Beş insan hakları örgütü, salt bu düzenlemenin söz konusu şirketlerin tüm icraatlarını şeffaf kılmaya ve ihracatlarını engellemeye yetmeyeceğini ancak bu adımın yasa yapıcıya veya kamuoyuna hesap vermek konusunda bir başlangıç teşkil edebileceğine inanıyorlar. Ayrıca düzenleme, hükümetlere, insan haklarını ihlal eden rejimlere bu tür teknolojilerin ihraç edilmesine sınırlama getirmeleri durumunda veri de sağlayabilecek.
Privacy International: AB ayak sürümeyi bırakmalı
Privacy International örgütü temsilcisi Kenneth Page, bu tür yazılımların ihracının yasal çerçeveye kavuşturulması konusunda AB üyelerini “ayak sürümeyi bırakmaya” davet etti. Page, bu düzenlemenin şirketleri sınırlandırma konusunda yeterli olamayacağını ifade etti.

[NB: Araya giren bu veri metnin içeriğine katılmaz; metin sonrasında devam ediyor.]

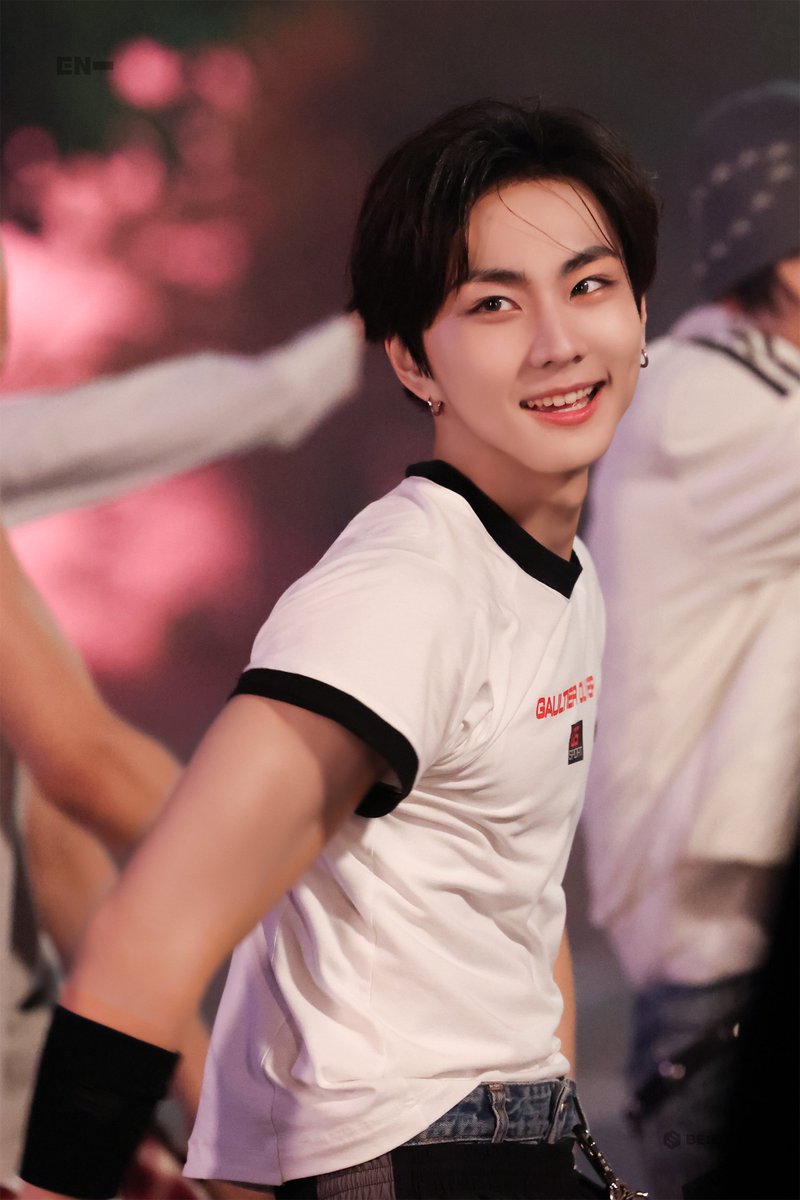 jungwonfeeds's tweet image. YANG JUNGWON??!?????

Digitale Gesellschaft: Bu bir ilk adım
Digitale Gesellschaft genel direktörü Alexander Sander de, düzenlemeden memnun ancak bunu sadece “bir ilk adım” olarak görüyor.
RSF: Fransa bu şirketleri davet etti
RSF Programlar direktörü Lucie Morillon ise, Fransa’nın Technology Against Crime (TAC) Sergi Salonu’nda İnternet düşmanı iki kuruluş olarak Gamma International ve Hacking Team şirketlerine de ev sahipliği yaptığını hatırlattı. Morillon, Avrupa’da izleme alt yapısının denetim altında tutulmasıyla ilgili “Alınacak daha çok yol var” dedi.
RSF Almanya: Almanya hükümeti çekincesinden vazgeçti
RSF Almanya Seksyonu başkanı Christian Mihr, Almanya hükümetinin bu tür yazılımların ihracına düzenleme getirmek konusundaki çekincesinden vazgeçmesini memnuniyetle karşılıyor. Mihr, AB kararını “İnsan haklarının korunmasında önemli bir ilk aşama” sözleriyle değerlendirdi.
HRW: Teknolojileriniz işkence doğurdu
HRW müdürü Wenzel Michalski ise, AB içinde geliştirilen teknolojiler yüzünden hak savunucuları ve ailelerinin ihbar edildiği, tutuklandığı ve işkence gördüğünü anımsattı; bu tür şirketlere dair getirilen düzenlemeleri “doğru yönde atılmış bir adım” olarak görüyor ancak “daha ileri adımlar” bekliyor.
FİDH: Libya ve Suriye’deki suçlar ikna edici oldu
FİDH başkanı Karim Lahidji de, Amesys ve Qosmos gibi şirketlerin Libya ve Suriye’de giriştikleri suç ortaklığı iddialarını gündeme getirmelerinin AB’yi buna düzenleme getirme konusunda ikna edici olduğunu açıkladı. Temsilci yeni hak ihlallerinin önüne geçilmesi bakımından şirketlere ilişkin bu adım önemsediklerini bildirdi (EÖ).